WORK TO BE COMPLETED
After finding "1969 SA GP Mario" in the material below, output its line and every line after it through the last, exactly, but not the pictures.

DATA SEGMENT

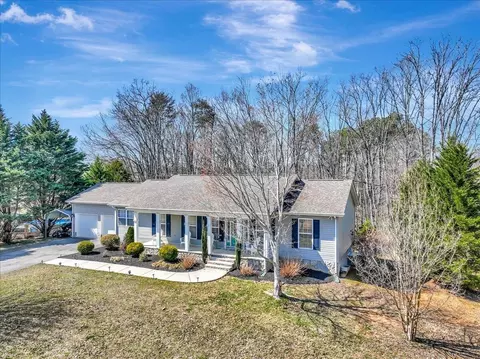125 Renita Dr, Dayton, TN 37321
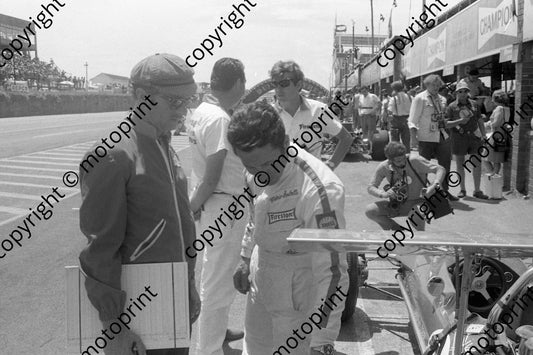 1969 SA GP Mario Andretti, Colin  Chapman (courtesy Ken Stewart) 169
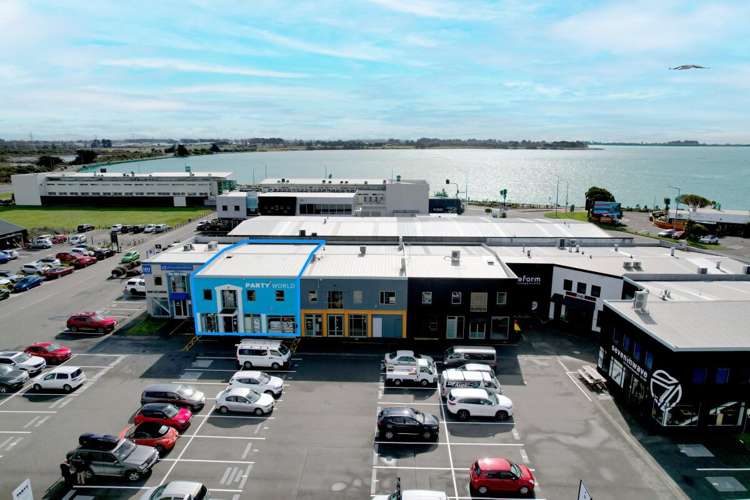 2/1063 Ferry Road Ferrymead_1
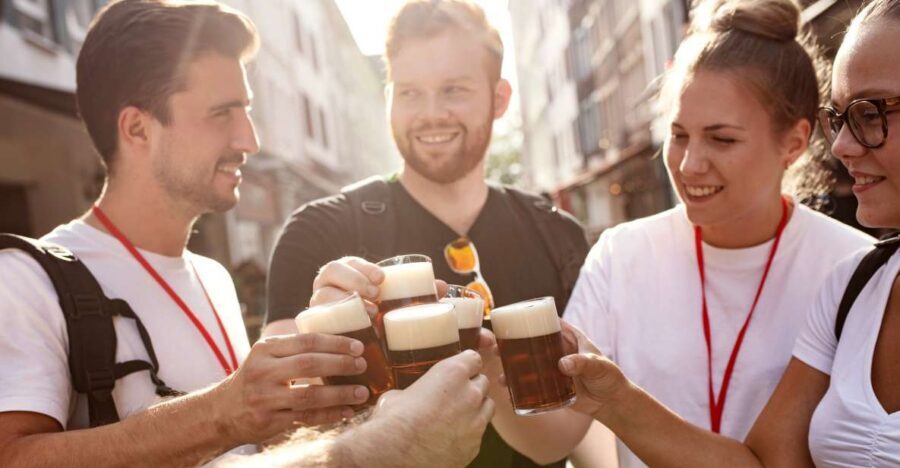 Düsseldorf: Brewery Tour with Alt Beer Tastings - Stop 2: Kürzer and how each brewery keeps a distinct house style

ANSWER SPACE
 1969 SA GP Mario Andretti, Colin  Chapman (courtesy Ken Stewart) 169
 2/1063 Ferry Road Ferrymead_1
 Düsseldorf: Brewery Tour with Alt Beer Tastings - Stop 2: Kürzer and how each brewery keeps a distinct house style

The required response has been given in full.